That may sound like a strange hobby, but it’s actually a sandbox for something much bigger.

Subscribe now


The Concept: Karpathy’s Autoresearch Loop

In March 2026, Andrej Karpathy open-sourced a concept called the autoresearch loop. Strip away the academic framing and it’s elegantly simple:

The Loop

  1. Human writes a research objective once

  2. AI agent proposes a change

  3. Agent runs the experiment

  4. Agent measures the result against a clean metric

  5. If better: keep. If worse: revert. Log everything.

  6. Repeat forever, unsupervised.

Karpathy applied this to machine learning training.

Image

The chart above is from Karpathy’s actual autoresearch run. Each dot is a complete experiment.

The gray dots are failures.
The green dots are the ones that improved the score.
Out of 276 experiments, only 29 made the cut.

That green staircase line trending downward? That’s the system getting better over time, one small improvement at a time, without a human touching anything.

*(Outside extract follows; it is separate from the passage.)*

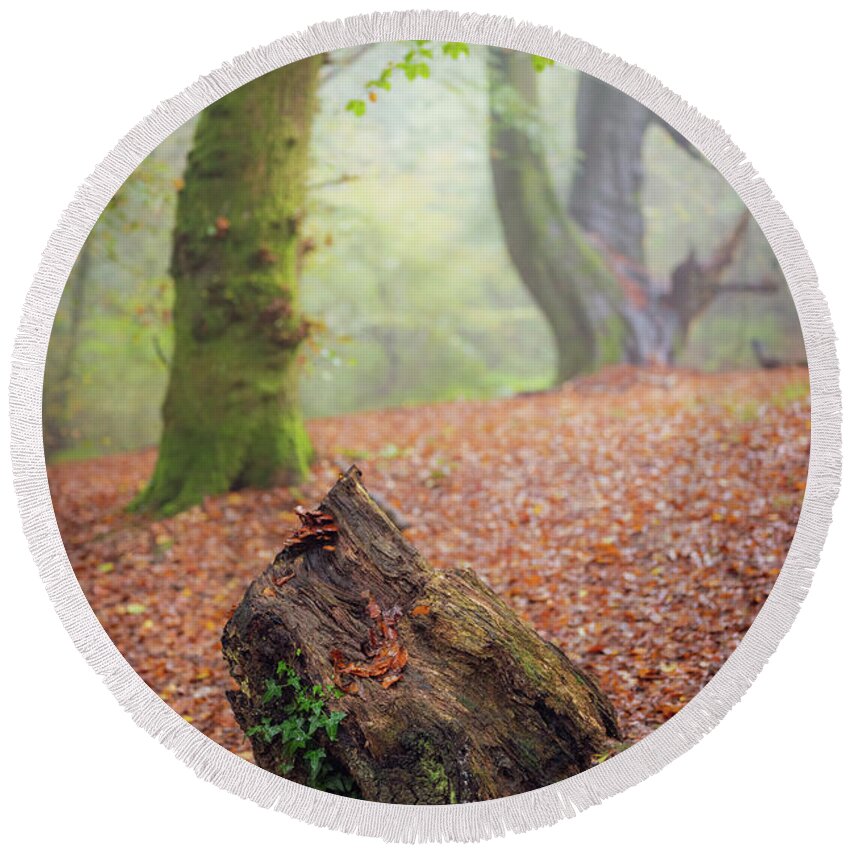 Autumn Round Beach Towel featuring the photograph This Autumn goes all the way to 11 by Gavin Lewis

The gray dots (failures) are what makes the green dots (successes) trustworthy. If you only showed me the 29 winners, I’d have no way to know whether you got lucky or found something real. The fact that 247 experiments failed and were logged honestly is what gives the 29 survivors their credibility.

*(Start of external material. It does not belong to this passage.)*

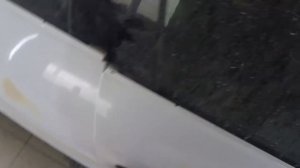 Рено Меган 3 снятие ручки двери и лючка в сборе.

The insight that stuck with me: it’s not a smarter agent. It’s a tighter loop with a clean metric. Intelligence compounds from iteration speed, not from any individual experiment being clever.

I wanted to know if the same pattern could work outside of ML. So I pointed it at something with daily feedback, publicly verifiable outcomes, and enough structure to tell me quickly whether the approach was worth scaling.


The Sandbox: Weather Markets on Kalshi

Here’s what’s running right now, fully hands-off.

A weather scanner pulls 31-member forecasts every hour for six US cities. It computes probability distributions for each temperature bracket Kalshi offers, compares those probabilities against market-implied prices, flags edges above an 8% threshold, and fires Discord alerts with position sizing recommendations.

Every morning at 10:30 AM, a separate scoring job fetches National Weather Service verified actuals and grades yesterday’s predictions. How far off was the forecast? Did the ensemble’s confidence interval capture the actual temperature? Which cities are the model’s blind spots?

And once a week on Sunday, the autoresearch engine activates. It grid-searches roughly 4,300 bias correction variations across multiple dimensions: per-city adjustments, global corrections, ensemble member weighting, different rounding strategies. Each variation gets replayed against the full history. Each one gets scored. Each one gets logged.

The two gates for promotion are simple: The winning variation has to beat the uncorrected model by more than 1%.

And its cross-validated score has to be stable, not fragile. If both gates clear, the system writes a new calibration file. The hourly scanner picks it up automatically on its next run. If neither gate clears, nothing changes. The raw ensemble remains the safe default.


Early Results: Honest Assessment

We’re early. 5 days of predictions, one scored well. But early data is still data.

  • The good: Miami showed a genuine edge. The model put 90.7% probability on a specific temperature bracket that the market priced at 62.5%. Austin’s predictions landed within the ensemble’s confidence interval.

  • The honest: Mean absolute error across all cities was 3.7 degrees. Only 1 of 6 cities had actuals within the ensemble’s P10-P90 range. Chicago was 10 degrees off. The model has city-level biases that need exactly the kind of correction the autoresearch loop is designed to find.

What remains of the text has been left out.